TASK DESCRIPTION: Your answer should be an exact copy of the lines from the start of the entries to the line containing "Book cover of: Animals. By: Alison Nordstrom", both included.

RECORDS TO USE:

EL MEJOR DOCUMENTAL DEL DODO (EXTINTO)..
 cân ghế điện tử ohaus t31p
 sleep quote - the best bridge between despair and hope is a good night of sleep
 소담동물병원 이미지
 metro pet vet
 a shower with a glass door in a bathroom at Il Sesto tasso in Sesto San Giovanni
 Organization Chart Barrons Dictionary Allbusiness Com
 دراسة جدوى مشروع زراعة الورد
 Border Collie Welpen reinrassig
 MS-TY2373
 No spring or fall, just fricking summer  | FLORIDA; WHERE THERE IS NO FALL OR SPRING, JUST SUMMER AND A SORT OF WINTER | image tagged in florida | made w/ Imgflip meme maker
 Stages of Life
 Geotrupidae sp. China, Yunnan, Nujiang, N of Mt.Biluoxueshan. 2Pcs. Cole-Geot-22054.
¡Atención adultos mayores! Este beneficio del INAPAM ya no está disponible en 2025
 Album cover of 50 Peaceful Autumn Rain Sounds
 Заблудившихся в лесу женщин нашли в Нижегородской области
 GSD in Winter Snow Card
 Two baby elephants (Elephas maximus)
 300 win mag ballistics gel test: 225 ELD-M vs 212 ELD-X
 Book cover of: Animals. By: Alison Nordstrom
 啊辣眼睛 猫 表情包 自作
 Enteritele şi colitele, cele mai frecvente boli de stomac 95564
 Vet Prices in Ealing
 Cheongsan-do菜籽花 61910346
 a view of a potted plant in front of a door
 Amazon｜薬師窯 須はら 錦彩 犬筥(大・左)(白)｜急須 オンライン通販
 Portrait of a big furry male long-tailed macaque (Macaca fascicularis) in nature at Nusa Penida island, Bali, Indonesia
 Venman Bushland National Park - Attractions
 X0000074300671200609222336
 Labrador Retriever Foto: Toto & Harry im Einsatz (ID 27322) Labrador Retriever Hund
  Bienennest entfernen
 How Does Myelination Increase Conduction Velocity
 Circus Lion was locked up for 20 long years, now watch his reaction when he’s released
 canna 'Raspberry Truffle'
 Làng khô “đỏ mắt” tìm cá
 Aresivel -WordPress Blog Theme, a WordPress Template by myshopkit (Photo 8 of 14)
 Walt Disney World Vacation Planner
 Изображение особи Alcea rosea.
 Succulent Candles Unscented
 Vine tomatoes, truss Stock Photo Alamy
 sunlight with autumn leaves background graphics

YOUR RESPONSE:
EL MEJOR DOCUMENTAL DEL DODO (EXTINTO)..
 cân ghế điện tử ohaus t31p
 sleep quote - the best bridge between despair and hope is a good night of sleep
 소담동물병원 이미지
 metro pet vet
 a shower with a glass door in a bathroom at Il Sesto tasso in Sesto San Giovanni
 Organization Chart Barrons Dictionary Allbusiness Com
 دراسة جدوى مشروع زراعة الورد
 Border Collie Welpen reinrassig
 MS-TY2373
 No spring or fall, just fricking summer  | FLORIDA; WHERE THERE IS NO FALL OR SPRING, JUST SUMMER AND A SORT OF WINTER | image tagged in florida | made w/ Imgflip meme maker
 Stages of Life
 Geotrupidae sp. China, Yunnan, Nujiang, N of Mt.Biluoxueshan. 2Pcs. Cole-Geot-22054.
¡Atención adultos mayores! Este beneficio del INAPAM ya no está disponible en 2025
 Album cover of 50 Peaceful Autumn Rain Sounds
 Заблудившихся в лесу женщин нашли в Нижегородской области
 GSD in Winter Snow Card
 Two baby elephants (Elephas maximus)
 300 win mag ballistics gel test: 225 ELD-M vs 212 ELD-X
 Book cover of: Animals. By: Alison Nordstrom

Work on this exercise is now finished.